━━━ Supplied records ━━━

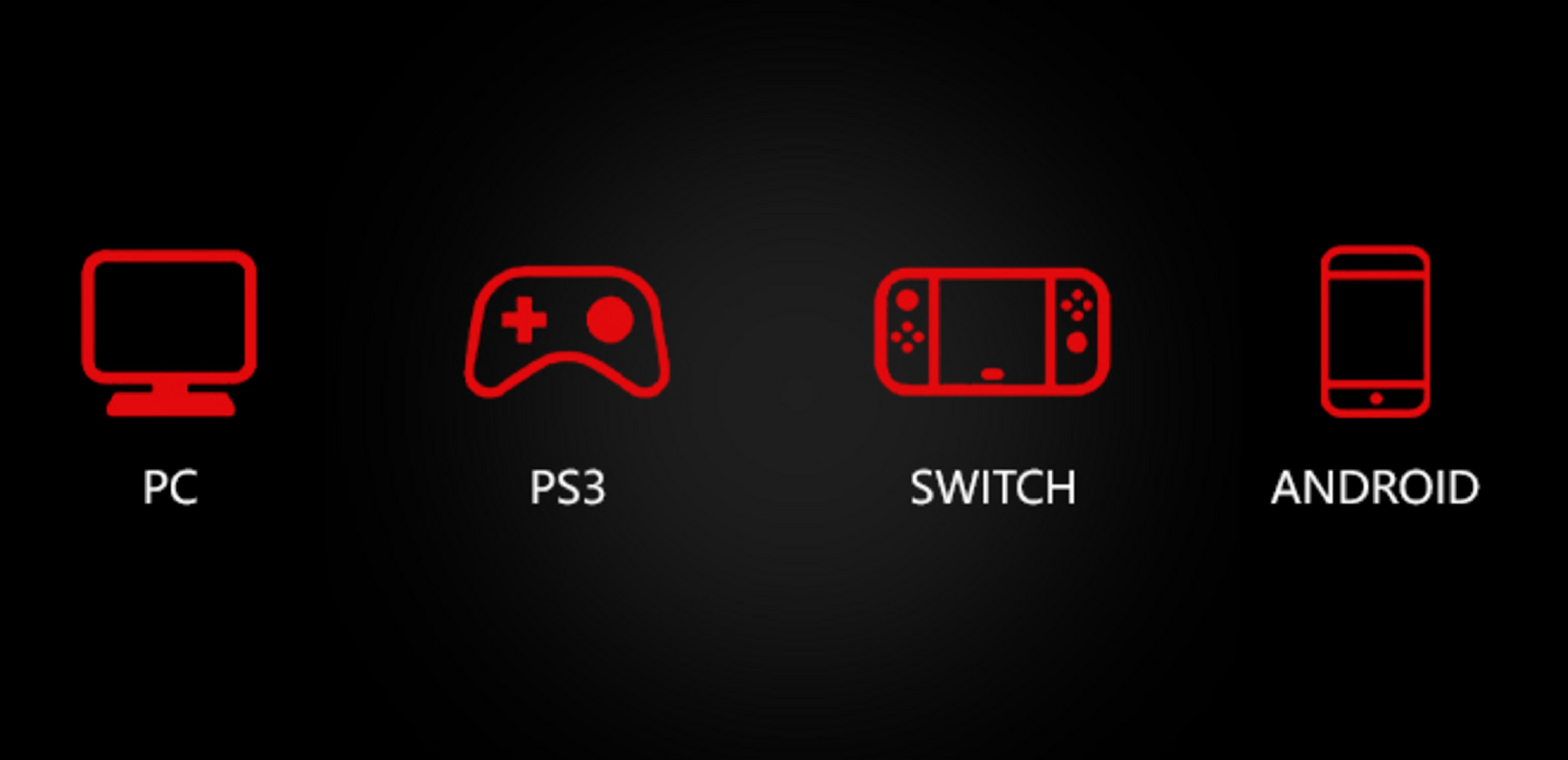 Icone rosse: PC, PS3, Switch, Android su sfondo nero.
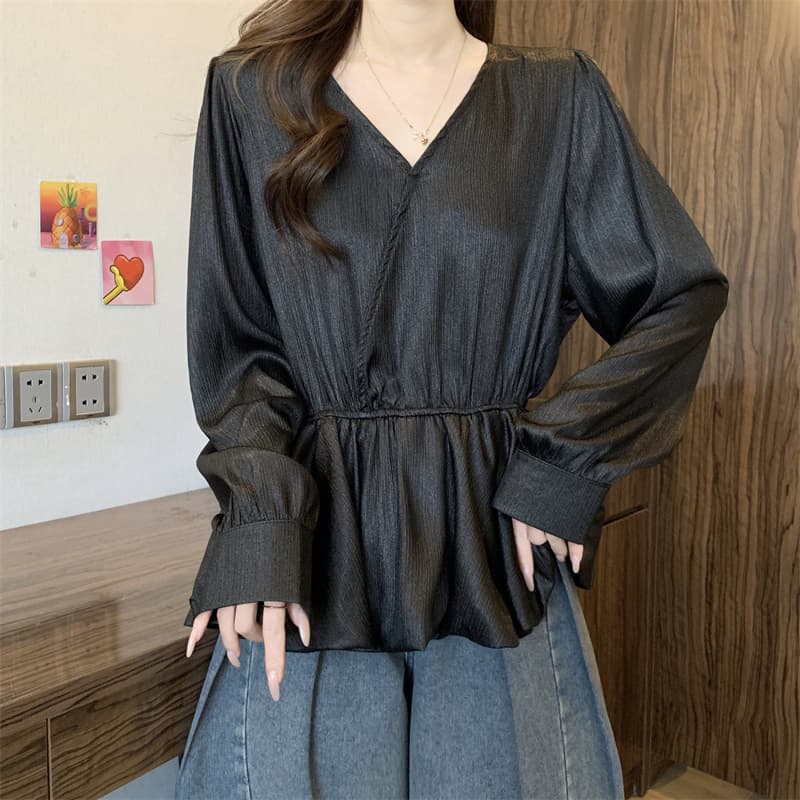 실사 빅 사이즈 지방 mm 프랑스식 레트로 V 넥 셔츠 고급 센스 Chic 허리 수축 맨위 상세 이미지 18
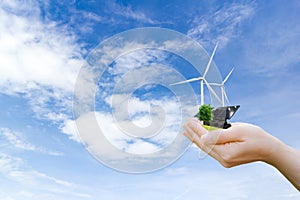 Hands holding tree electrical energy clean wind turbine and solar cell the future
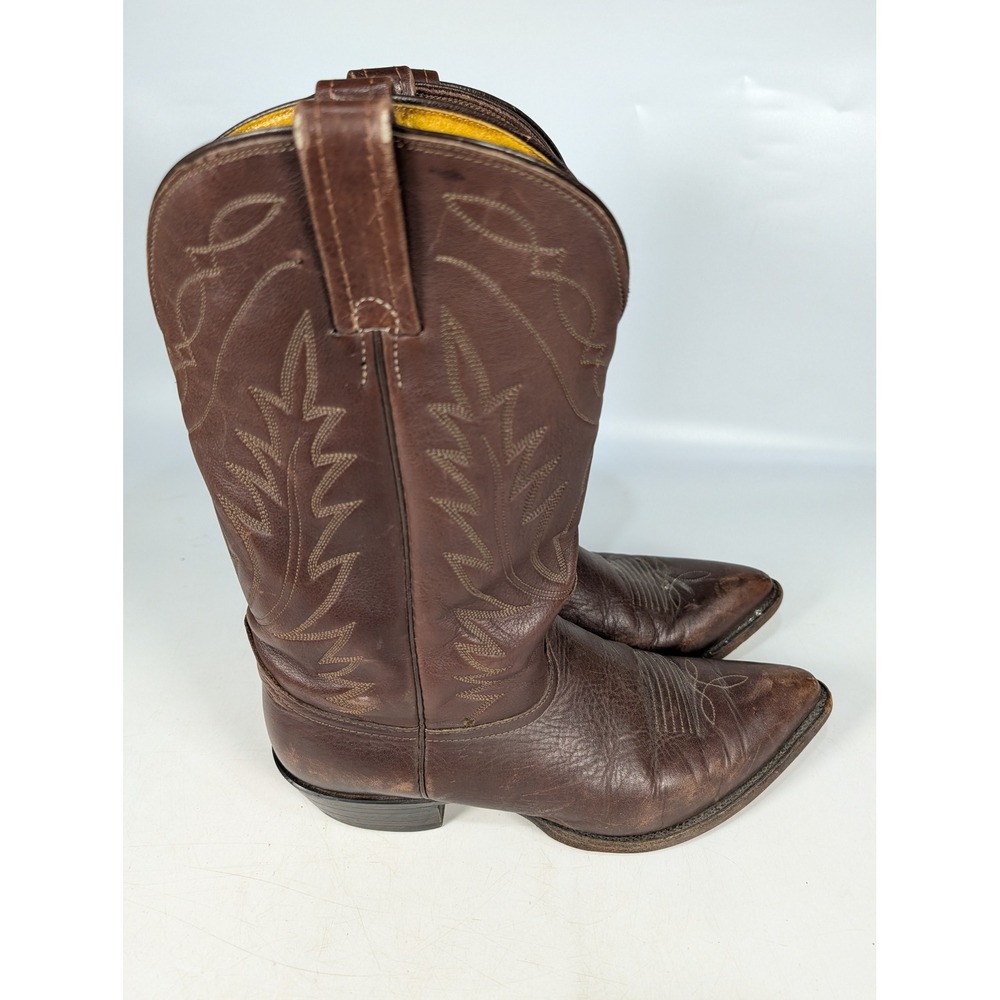 Nocona Mens Brown Leather Western Cowboy Boots Pointed Toe 752027303 Size 10.5 D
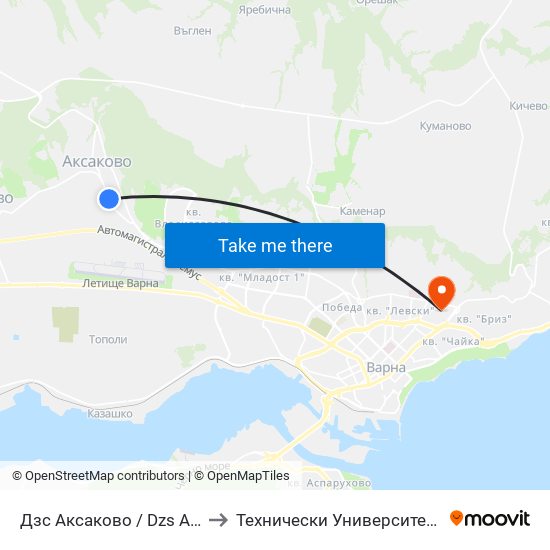 Дзс Аксаково / Dzs Aksakovo to Технически Университет – Варна map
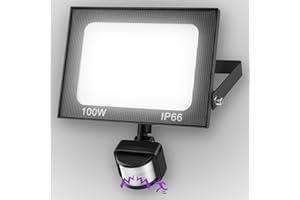 Ankishi Security Lights Outdoor Motion Sensor, 100W LED Floodlight with Pir Sensor, 10000 Lumen Outside Lights with Sensor, IP66 External Sensor Lights Mains Powered, Daylight White Outdoor Spotlight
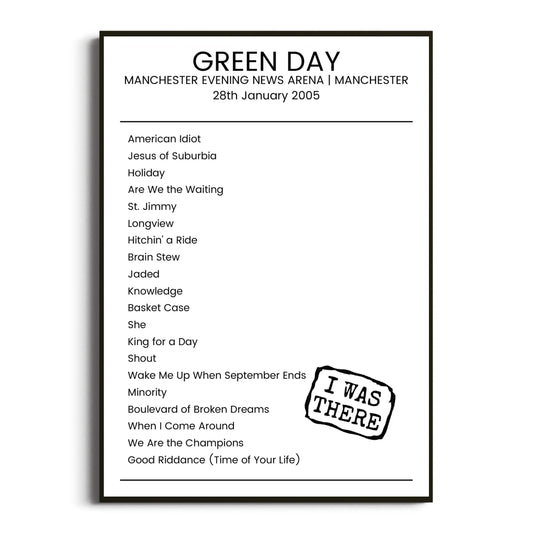 Green Day Manchester 28 January 2005 Setlist Poster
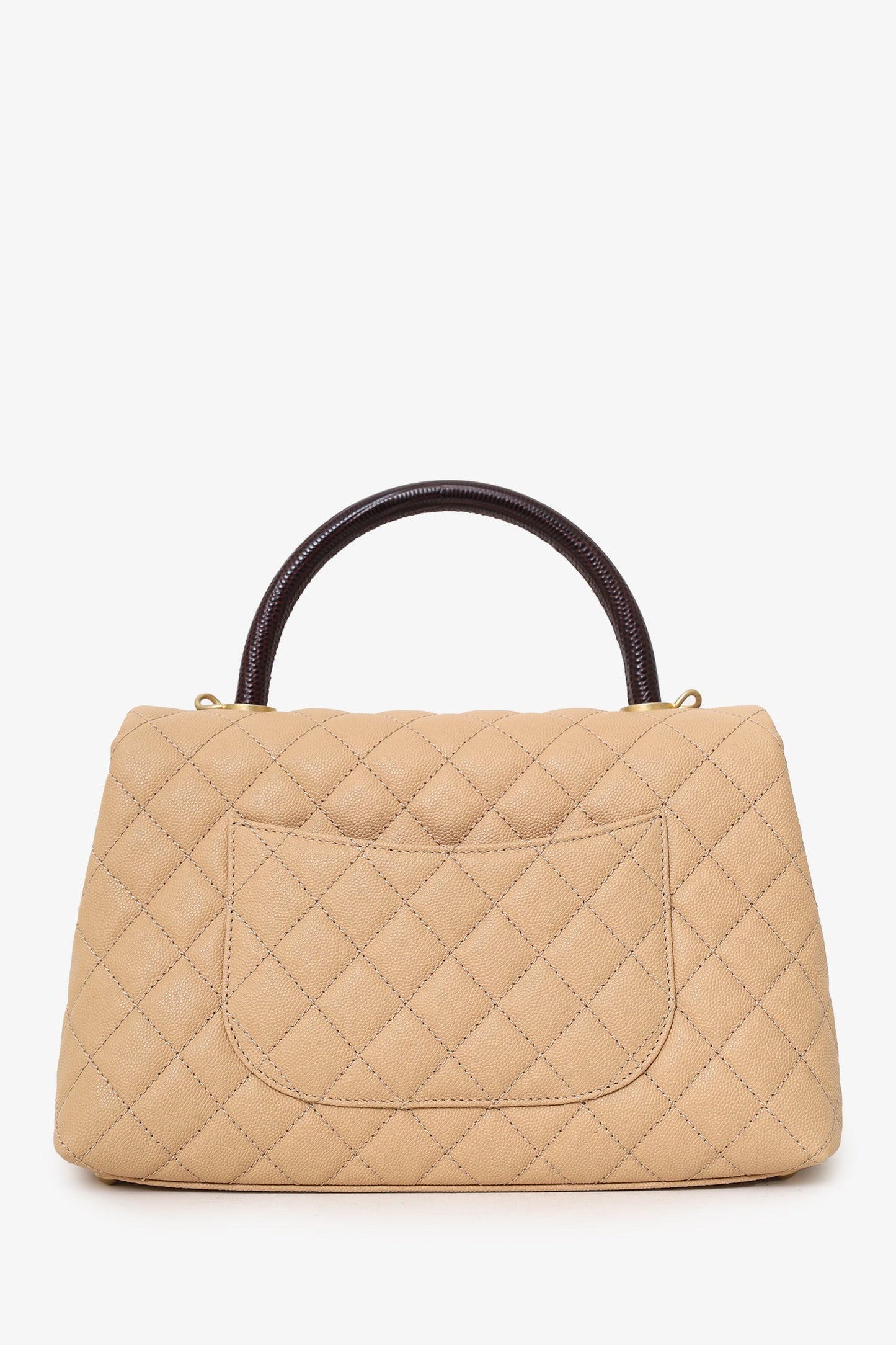 Pre-Loved Chanel™ 2019-20 Beige Caviar Leather Small Coco Handle with Strap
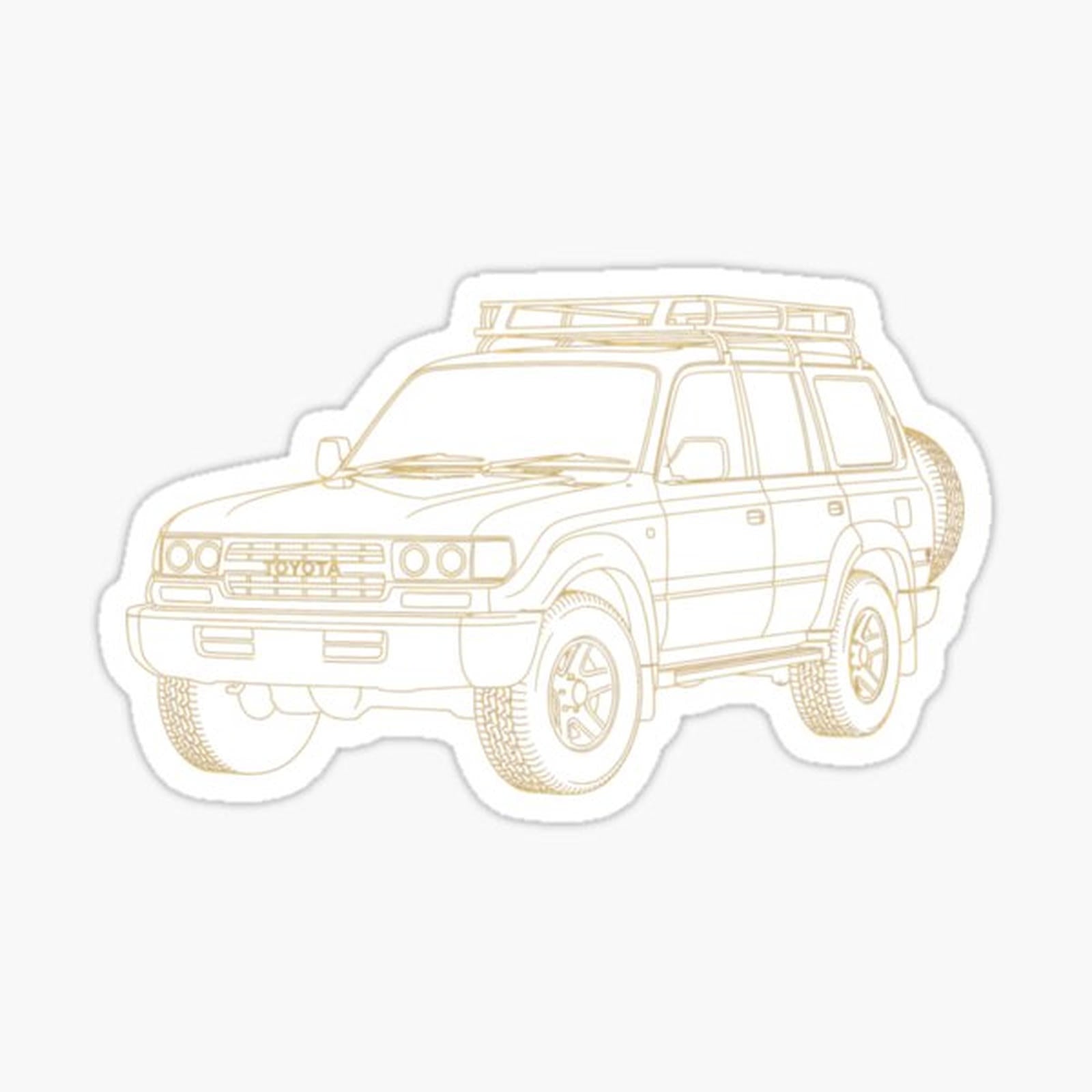 Land Cruiser 80 Golden Outline _ Global Adventure Icon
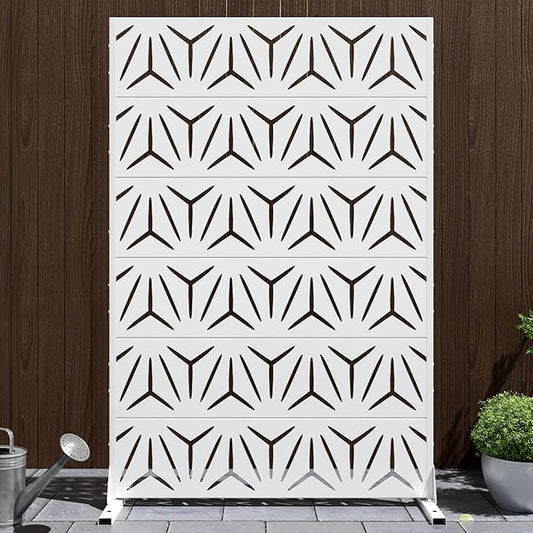 Casaphoria Metal Privacy Screen Outdoor, 72" H x 47" W Freestanding Decorative Privacy Screen for Patio Deck Balcony Garden with Stable Base, White-Star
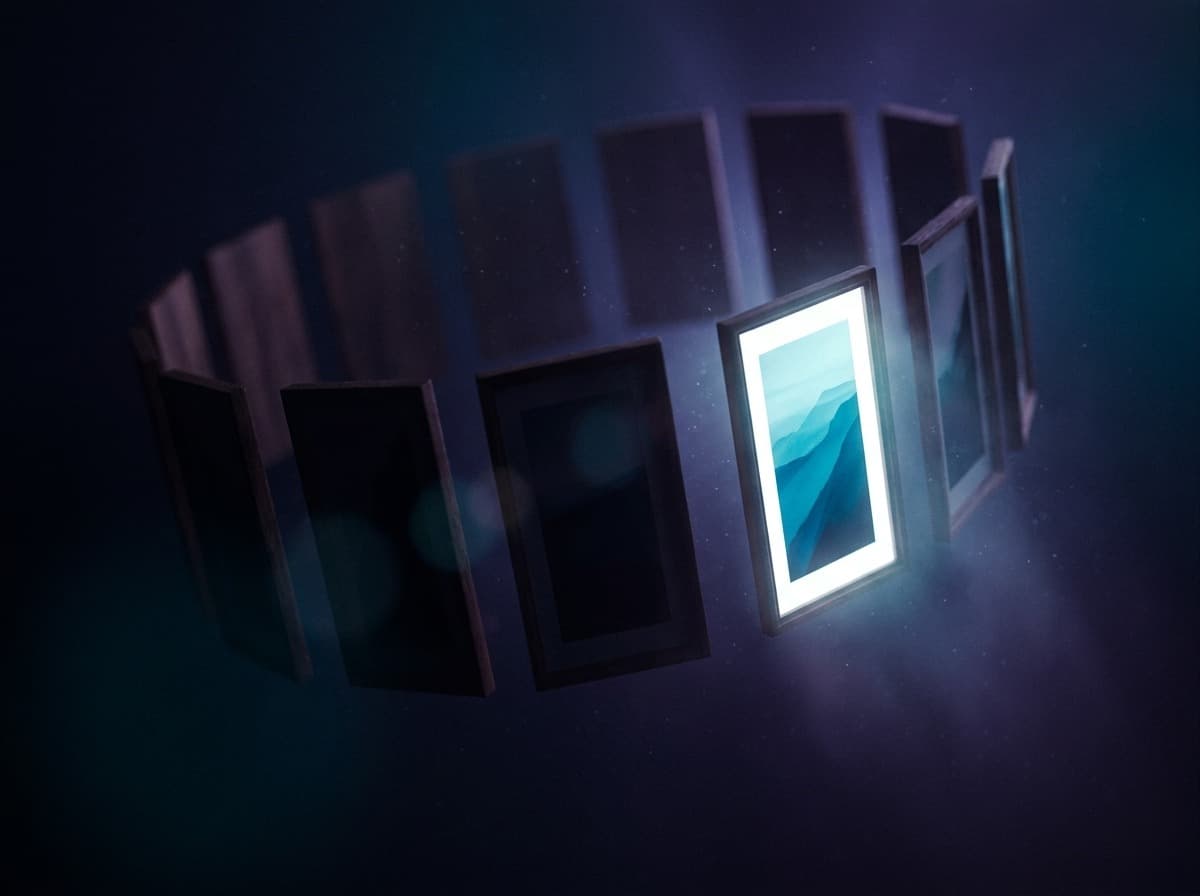 Cinematic production frames resolving out of a dark field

━━━

→ To do
Take the lines of the material above from the first through the one containing "Land Cruiser 80", both included, and print them exactly without the pictures.

→ Completed exercise
 Icone rosse: PC, PS3, Switch, Android su sfondo nero.
 실사 빅 사이즈 지방 mm 프랑스식 레트로 V 넥 셔츠 고급 센스 Chic 허리 수축 맨위 상세 이미지 18
 Hands holding tree electrical energy clean wind turbine and solar cell the future
 Nocona Mens Brown Leather Western Cowboy Boots Pointed Toe 752027303 Size 10.5 D
 Дзс Аксаково / Dzs Aksakovo to Технически Университет – Варна map
 Ankishi Security Lights Outdoor Motion Sensor, 100W LED Floodlight with Pir Sensor, 10000 Lumen Outside Lights with Sensor, IP66 External Sensor Lights Mains Powered, Daylight White Outdoor Spotlight
 Green Day Manchester 28 January 2005 Setlist Poster
 Pre-Loved Chanel™ 2019-20 Beige Caviar Leather Small Coco Handle with Strap
 Land Cruiser 80 Golden Outline _ Global Adventure Icon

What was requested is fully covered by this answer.